ASSIGNMENT:
Once the line holding "Vintage Dynamo Berlin" is found in the listing below, write it out and each later line exactly, up to and including the one holding "西條康彦 as Ippei Togawa in Ultra Q".

DATASET RECORDS:
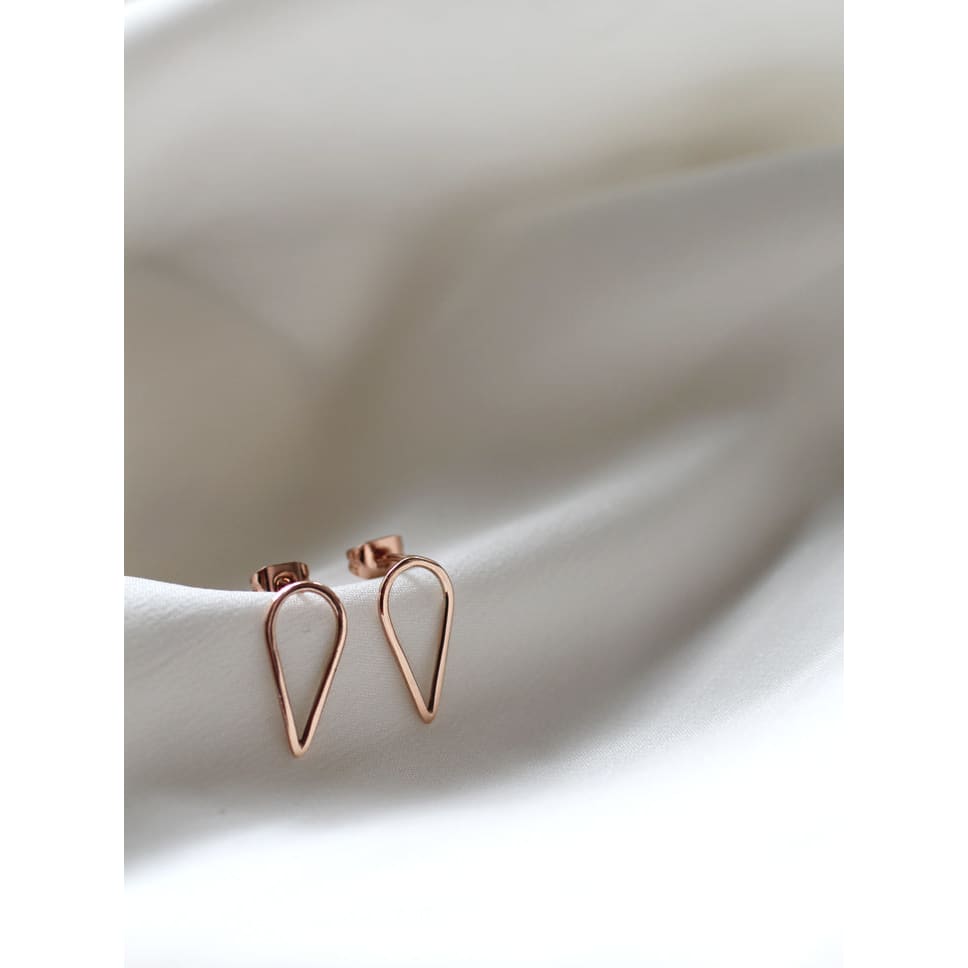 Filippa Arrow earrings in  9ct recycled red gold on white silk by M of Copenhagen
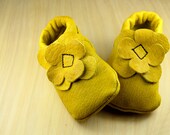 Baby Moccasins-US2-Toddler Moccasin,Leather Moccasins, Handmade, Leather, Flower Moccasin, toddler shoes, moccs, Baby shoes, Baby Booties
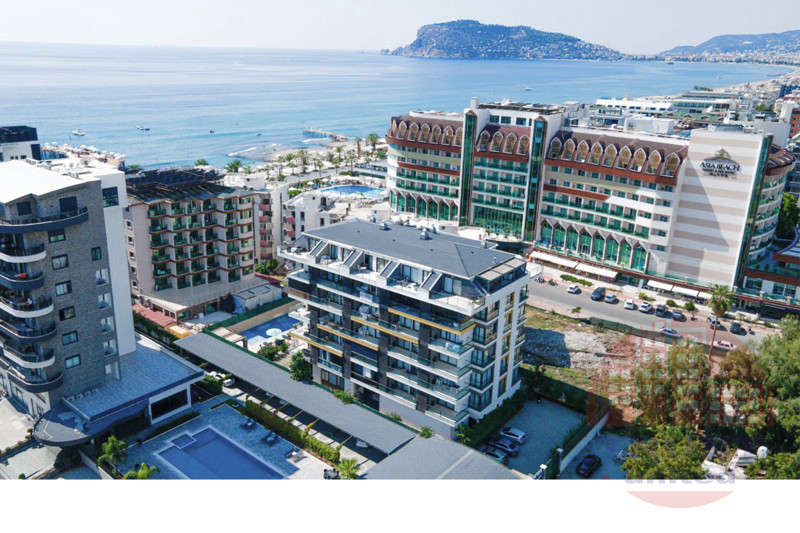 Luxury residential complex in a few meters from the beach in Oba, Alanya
--
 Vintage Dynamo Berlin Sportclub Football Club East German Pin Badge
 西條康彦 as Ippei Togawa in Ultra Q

REPLY TO THE TASK:
 Vintage Dynamo Berlin Sportclub Football Club East German Pin Badge
 西條康彦 as Ippei Togawa in Ultra Q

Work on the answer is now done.